Art. 1º. Esta lei regula o exercício do comércio ambulante, de vendedores ou compradores, por conta própria ou de terceiros, em logradouros públicos ou locais de acesso franqueado ao público.

Especializado em direito trabalhista, o advogado Wagner Dias, 53 anos, reforça esse argumento ao dizer que diante desse impasse no controle, cabe à empresa falar sim ou não para a atividade desses vendedores. “O ônibus é uma propriedade particular, privada, e o destino é outro, a mobilidade urbana. Porém, o ambulante é uma forma de trabalho autônomo”, o advogado reforça que o Decreto de lei citado anteriormente na matéria é o único voltado para essa atividade em especial. A assessora das empresas de ônibus do DF (Pioneira, Piracicabana, São José, Marechal, HP-ITA, TCB) não quis falar sobre o tema. Já o DFtrans foi procurado pela reportagem, mas não retornou as ligações. E a assessoria de imprensa da Polícia Militar – DF disse que, não há policiamento em cima da atividade.

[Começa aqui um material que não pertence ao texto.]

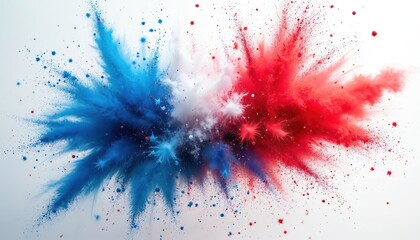 Poster - Vivid explosion of red white, blue powder particles creating dynamic abstract image. Patriotic spirit, energy shown with energetic burst. Burst of colors on white background, perfect for holiday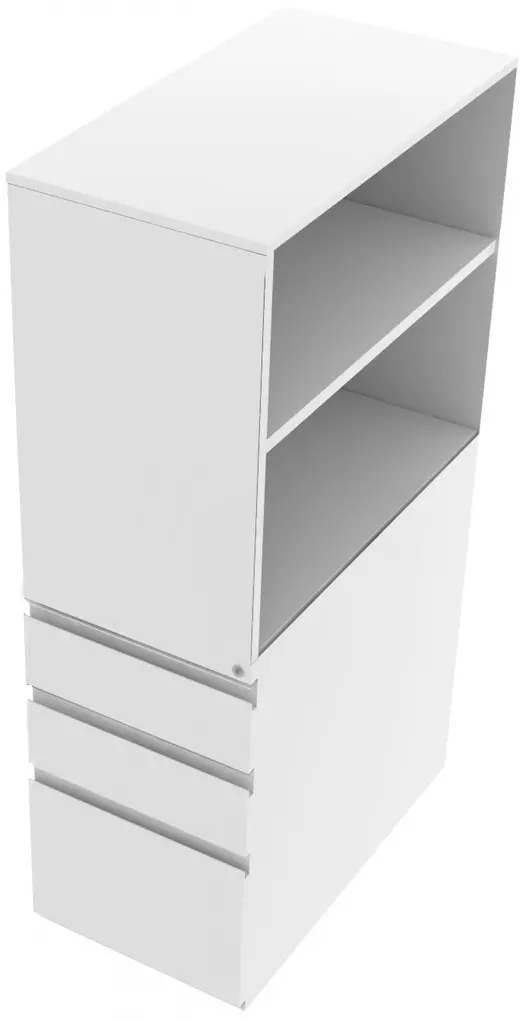 Tower With Bookcase-open to the right, box box file, 15w x 51-1/2h x 24d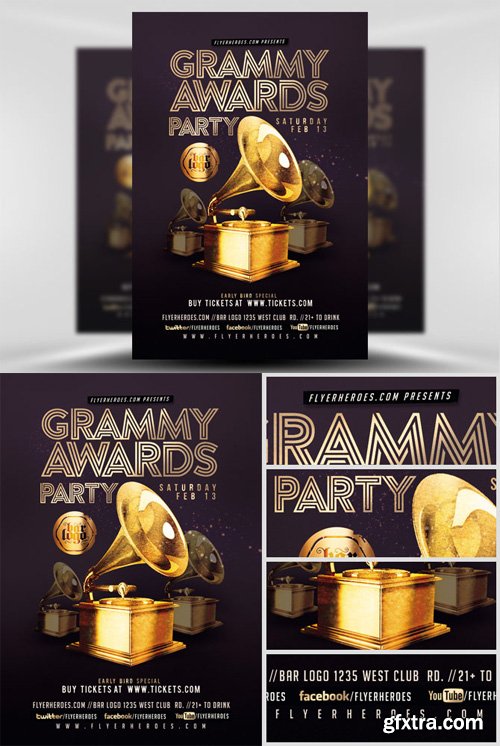 Grammy Awards Party Flyer Template
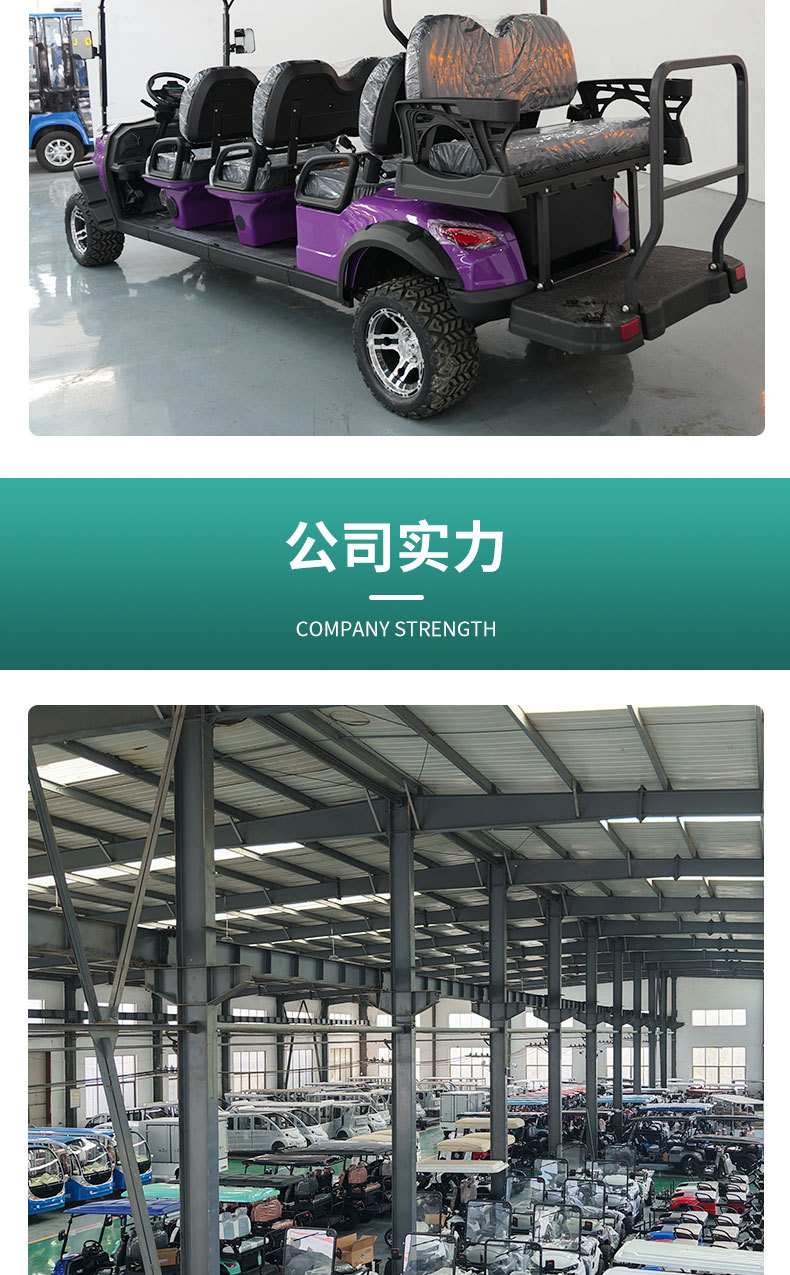 Electric golf cart for scenic areas, parks, and amusement parks, 8-seater electric sightseeing vehicle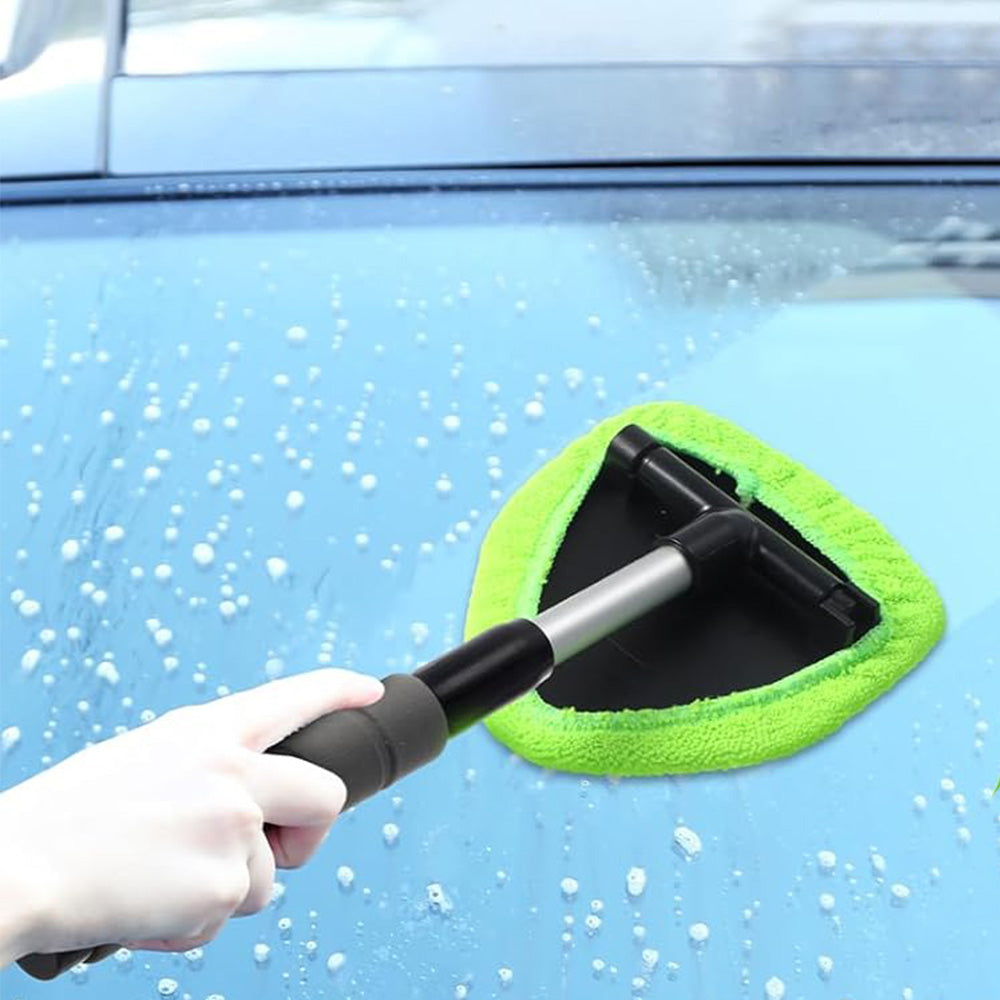 Extendable Windshield Cleaning Tool Set Car Window Microfiber Cleaner with 4 Replacement Microfiber Pads Gree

Se tem um impasse, uma zona nebulosa que ninguém permite, ninguém proíbe, caberia só a empresa falar sim ou falar não. Se o Estado falar não, cabe a ele fiscalizar, a Agefis, Secretaria de Transporte e a própria empresa de ônibus tem que fiscalizar o cumprimento ou a vedação”, diz o advogado Wagner Dias

 

O presidente da Fecomércio-DF, Adelmir Santana, considera adequado todo tipo de comércio formal. “Desde que seja feito de forma passageira e aleatória, sem que o vendedor monte um ponto dentro do veículo ou escolha sempre o mesmo ônibus”.

Pelos bancos, passageiros sentados vão de parada em parada até chegar ao destino final. A passageira Ana Luiz Paes, trabalha no Setor Gráfico como operadora analítica em telemarketing e na volta para Planaltina, onde mora, sempre vê um vendedor entrar no ônibus. Ela diz que o tom de voz de alguns é bem alto. “Às vezes estou com dor de cabeça”, declara ela, que costuma comprar água dos vendedores quando está com sede. Sobre o trabalho ser válido ou não, opinou.

É válido, eles estão trabalhando ali como qualquer outra pessoa, estão fazendo um trabalho digno ne. Muitos são pais de família, desempregados, e essa renda extra pra eles ajuda”.

A empresa fala que estamos dando carona para eles. E pedem para nós não deixarmos os vendedores entrarem por atrasarem a rota e dificultarem a circulação dos passageiros”, informou o motorista Wevlaney Santos, de 38 anos, que às vezes, deixa os vendedores entrarem pela amizade, mesmo com o pedido da empresa. O mesmo disse Vilmar Ferreira, a favor da atividade. “É uma maneira de ganhar dinheiro, e o mundo tem que crescer”.

mar4

O morador de Valparaíso-GO, Claudionor Lima (acima), 24 anos, além de ser vendedor autônomo na área, trabalha de 8h às 14h como garçom na Secretaria Executiva do Ministério do Transporte. Começou aos 9 anos como vendedor ambulante, quando saía da escola de manhã direto para o trabalho. Parou aos 13 devido a morte da mãe que o chocou muito, mas voltou ao trabalho seis meses atrás. Com 3 filhos, e outro no 8º mês de gestação. Ele compra as mercadorias na loja Alegria doces, no Conic. E conseguiria uma renda mensal de R$ 3,5 mil. Mas explica que trabalha em outro local. “A gente sempre se ajuda com dinheiro emprestado, mas eu trabalho mais pela grana. E além de ser garçom na Secretaria, faço um bico no restaurante Patu Anu no Park Way, na mesma função”, concluiu ele que disse ter o chocolate como o produto mais lucrativo. Ele pretende estudar engenharia mecatrônica com o acúmulo da renda.